Observability

Observability is the ability to understand a system's internal state from its external outputs. In practice, this means designing your services to answer the question: what is happening, and why?

A well-observed system combines three complementary signals — logs, metrics, and traces — each offering a different lens on the same underlying behavior. Logs tell you what happened. Metrics tell you how things are behaving over time. Traces show you the path a request takes across services. Together they let you move from "something is wrong" to "here's why" without guessing.

The Four Golden Signals

These four measurements, drawn from Google's SRE handbook, capture the essential health of any service. If you instrument nothing else, instrument these.

Latency measures the time it takes to serve a request. Track it as a distribution, not an average — the 99th percentile matters more than the median. A service with a 50ms median and a 2-second p99 is a service with a problem that averages will hide.

Traffic quantifies demand. For an API, this is requests per second. For a pipeline, it might be records processed per minute. The shape of your traffic tells you what "normal" looks like, which is the prerequisite for recognizing abnormal.

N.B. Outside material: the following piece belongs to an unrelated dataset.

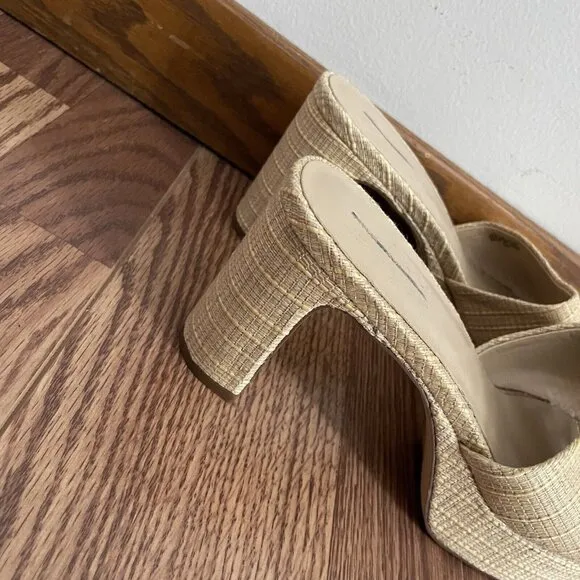 Ann Taylor Women 10M Beige Jute Textured Open Toe Platform Mule Sandals NWOB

Errors are the rate of requests that fail, whether explicitly (a 500 response) or implicitly (a 200 that returns wrong data). Distinguish between client errors and server errors — they have different causes and different remedies. A spike in 4xx errors is your users' problem; a spike in 5xx errors is yours.

Saturation reflects how close a resource is to its limit. CPU, memory, disk, connection pools — when any of these approaches capacity, latency rises and errors follow. Saturation is the early warning signal that gives you time to act before users notice.

Articles

Document Description
logging Structured logging conventions, log levels, event planning, and implementation patterns
metrics Metric types, naming conventions, instrumentation, and alerting fundamentals

The Three Signals

Each signal has distinct strengths. Understanding where they overlap — and where they don't — prevents both gaps in visibility and redundant instrumentation.

Logs are the richest signal. They capture arbitrary context about individual events: request IDs, user IDs, error messages, stack traces. They're what you reach for when debugging a specific incident. The cost is volume — logs are expensive to store and query at scale, so they require discipline around what you emit and how long you retain it.

Metrics are the most efficient signal. A counter or histogram consumes a fixed amount of storage regardless of traffic volume. They're ideal for dashboards, alerting, and capacity planning — answering questions like "what's the error rate?" or "how full is the connection pool?" The tradeoff is that metrics are aggregated; they tell you that errors are happening, not which request failed or why.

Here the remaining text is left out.